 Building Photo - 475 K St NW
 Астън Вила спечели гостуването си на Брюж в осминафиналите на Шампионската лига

--

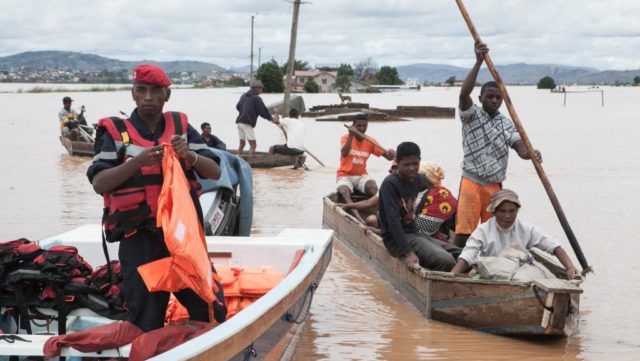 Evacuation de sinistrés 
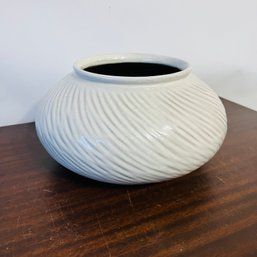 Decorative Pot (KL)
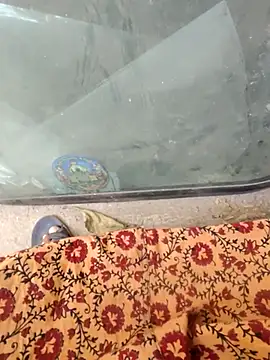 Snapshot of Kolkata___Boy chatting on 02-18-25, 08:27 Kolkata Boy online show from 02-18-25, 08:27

Your goal: Starting with the line that has "Decorative Pot (KL)" and going on through the line that has "Snapshot of Kolkata___Boy", transcribe the records above exactly, but skip the pictures.

Response box:
 Decorative Pot (KL)
 Snapshot of Kolkata___Boy chatting on 02-18-25, 08:27 Kolkata Boy online show from 02-18-25, 08:27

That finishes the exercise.